COSTA MESA, Calif. — Great relationships trump low interest rates and product mix when it comes to automobile dealer satisfaction with lending institutions. That’s according to the J.D. Power 2017 U.S. Dealer Financing Satisfaction Study, which was released today and shows that interactions between dealers and frontline personnel working in the lender’s credit department are at the epicenter of that relationship.
“Across all segments of auto lenders — noncaptive, captive mass market and captive luxury — the dealer’s relationship with the credit desk is a key driver of overall satisfaction and the lynchpin to a sustained, fruitful relationship,” said Jim Houston, senior director of J.D. Power’s automotive finance practice. “Because the credit staff is often the first point of contact, not just for credit decisions, but also for problem resolution, the role has to evolve, with credit analysts becoming much broader subject matter experts and frontline sales personnel taking on more focused roles.”
The report found that the credit desk represents the “tip of the sword” in building dealer satisfaction. For noncaptive, captive luxury and captive mass market lenders, the credit desk represents more than half of the survey weight for overall satisfaction, compared with the impact of sales representatives. Overall, the dealer/lender relationship outweighs application and approval process, lender offerings and lease return as the single most important variable associated with high levels of dealer satisfaction.
Additionally, dealers overwhelmingly indicate that the credit desk is their first point of contact when looking to resolve problems, far outpacing sales representatives, sales support staff and regional managers. As such, dealer satisfaction with sales reps is highest when reps focus on portfolio performance review, dealership performance consulting and customer retention vs. problem resolution and training.
The study also found that the optimal dealer communications mix for finance sources involves a predictable cadence of monthly visits paired with weekly calls and emails. When touchpoints outside of these preferred parameters are used, overall satisfaction with sales reps falls by as much as 30 index points (on a 1,000-point scale).

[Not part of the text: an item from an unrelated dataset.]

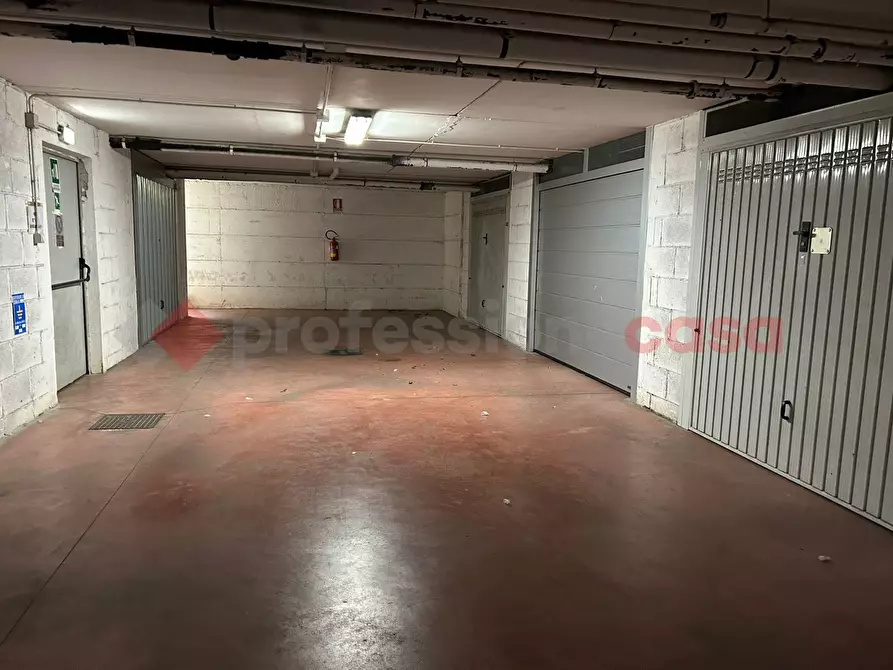 Immagine 4 di Box auto in affitto  in Via Gioacchino Russo a Roma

“What this study really tells us is that many lenders should be taking a good long look at the way they are currently staffed and think about transitioning some of their most seasoned industry experts into problem-solving roles in the credit department,” Houston said. “Correspondingly, they also need to think about how they’re currently selling and re-evaluate whether it makes sense to have their best problem solvers on the road making sales calls.”

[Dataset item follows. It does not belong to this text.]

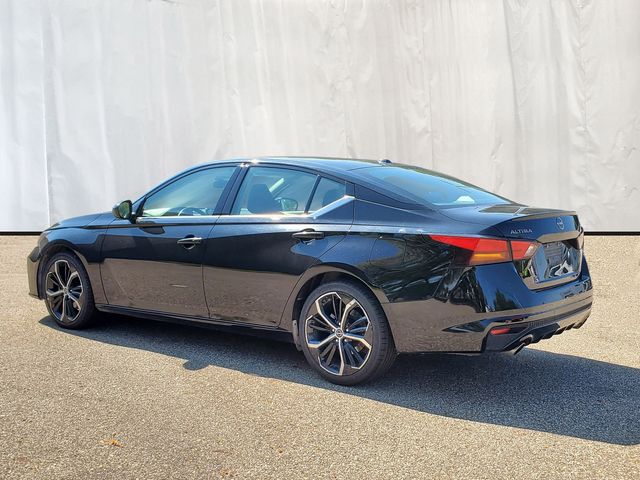 2023 Nissan Altima 2.5 SR photo 3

The study, which was significantly redesigned for 2017, measures dealer satisfaction in four segments of lenders: noncaptive, captive mass market, captive luxury market, and floorplanning. More than 11,622 finance provider evaluations across those four segments were collected for the study. These evaluations were provided by 4,245 new-vehicle dealerships in the United States.
Taking the top spot in the captive luxury segment was Mercedes-Benz Finance Services with a score of 972 points. The captive was followed by BMW Financial Services with a 955 score and Infiniti Financial Services with a 953 score. In the captive mass-market segment, Mini Financial Services led the way with a 954-point score. Following behind with scores of 916 and 887 were Volkswagen Credit and Ford Credit, respectively.
In the noncaptive segment, TD Auto Finance ranked highest with a 912. It was followed by Citizens One Auto Finance with a 909-point score, while Chase Auto Finance and Huntington National Bank tied for third with a 906-point score.
In the floorplan segment, Mercedes-Benz Financial Services ranked highest with a score of 986 points. TD Auto Finance followed with a score of 982 and Huntington National Bank and Volkswagen tied for third with 970-point scores.